On 24 August, Odisha's Bhawanipatna was witness to the heartbreaking sight of a tribal man walking with the dead body of his wife on his shoulders, with his 12-year-old daughter by his side for a distance of 10 kms, as hospital authorities refused him a mortuary van.
Upon failing to get a vehicle to take home the body of his wife from the district hospital, Dana Majhi set out on foot for his village Melghara, a 60-km walk.
Majhi is a resident of Kalahandi, one of the poorest and most backward districts of Odisha. His 42-year-old wife Amang Dei succumbed after losing a battle to tuberculosis.

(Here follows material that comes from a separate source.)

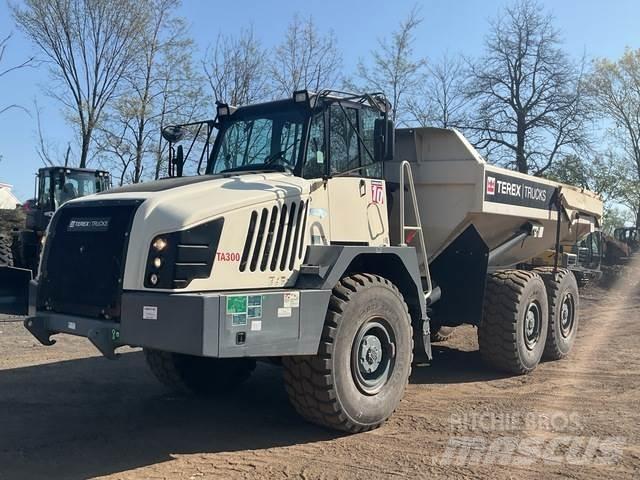 Terex TA300 Articulated Haulers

After walking nearly 10 km, he met the crew of a local television channel. "I told the hospital authorities that I am a poor man and cannot afford a vehicle. They said they could not offer any help," Majhi told them.
The hospital's alleged refusal came despite an existing scheme from the state government for people like Majhi.

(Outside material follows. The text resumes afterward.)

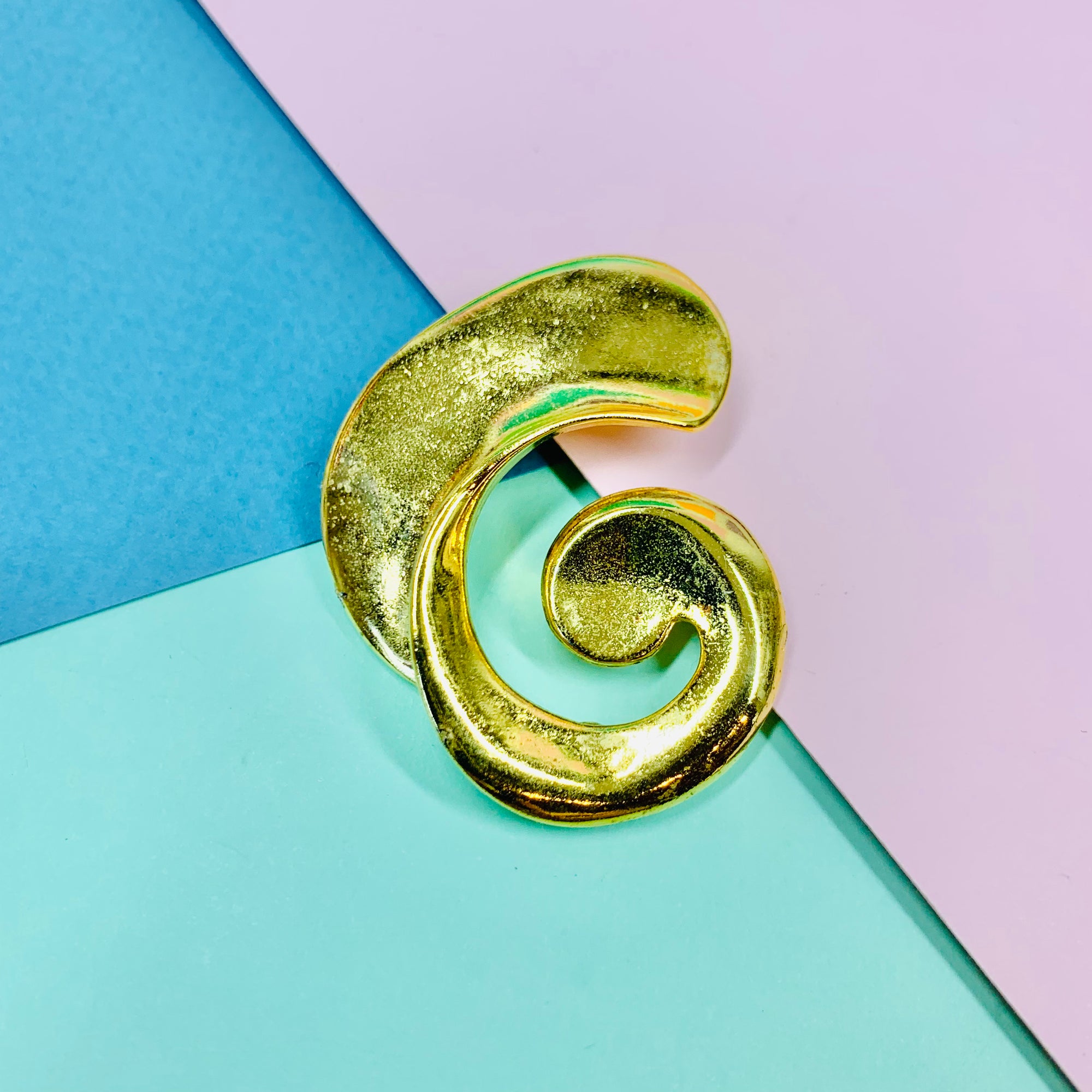 1980s gold plated scroll brooch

In a state where medical help isn't easy to come by, the Naveen Patnaik government had launched the 'Mahaparayana' scheme in February, offering to transport the bodies of deceased from government hospitals to their homes free of charge.

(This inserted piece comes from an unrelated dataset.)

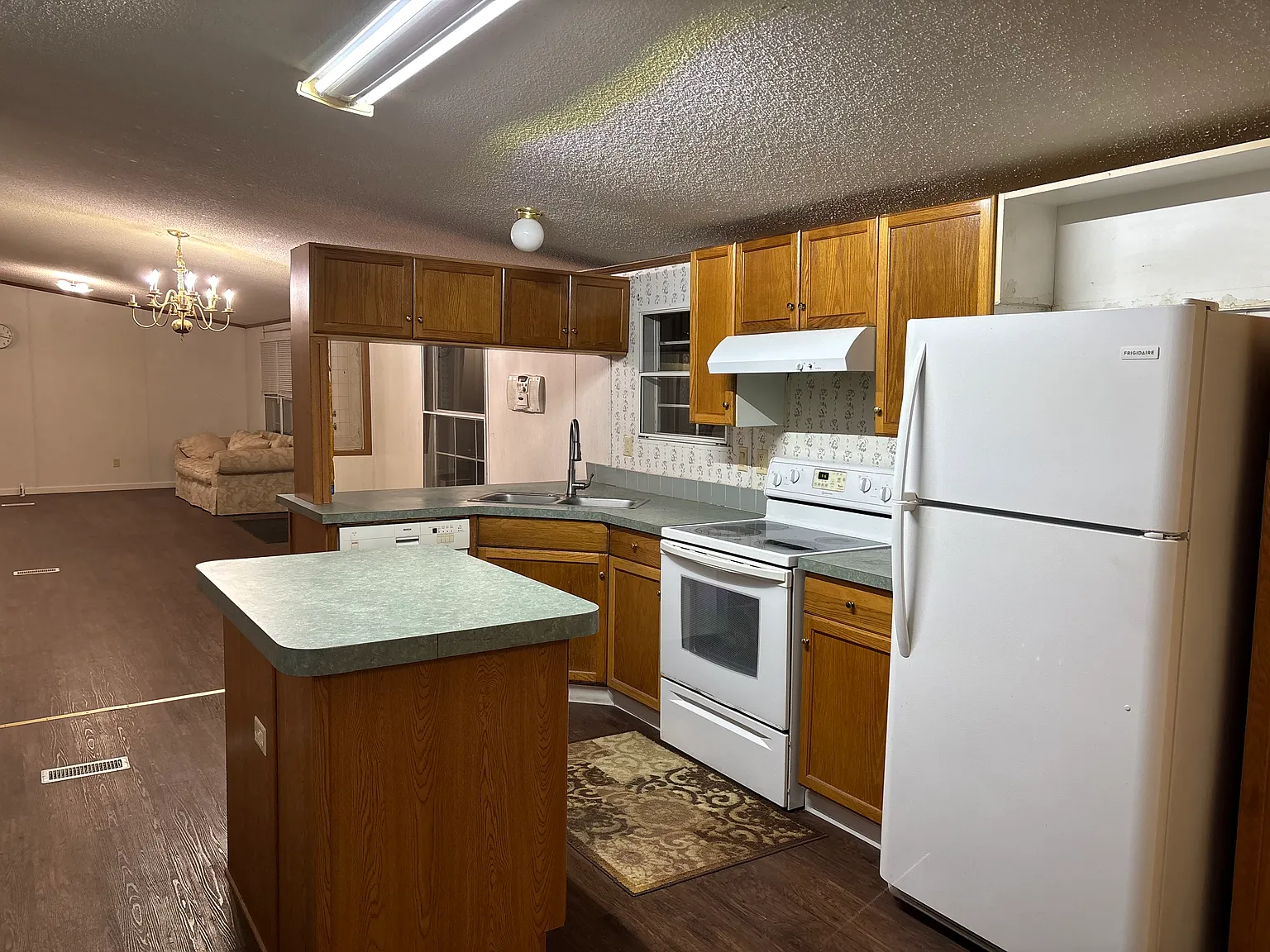 4 bed, 2240 sqft, $1,550 — Photo 1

The television crew called up the District Collector and arranged for an ambulance for the remaining 50 km of the journey.
Under the scheme, vehicles to carry the dead are meant to be deployed at 37 government hospitals and a total of 40 vehicles were assigned for the job.
Kalikesh Singh Deo, a Member of Parliament from the ruling BJD, tweeted, "I have already asked the local minister to verify this and take appropriate action."
Kalahandi District Collector Brunda D said, "As we got to know of the incident, we spoke to the CDMO and arranged for an ambulance". He said he had also issued instructions that the family be provided help under the Harishchandra Yojana for the last rites.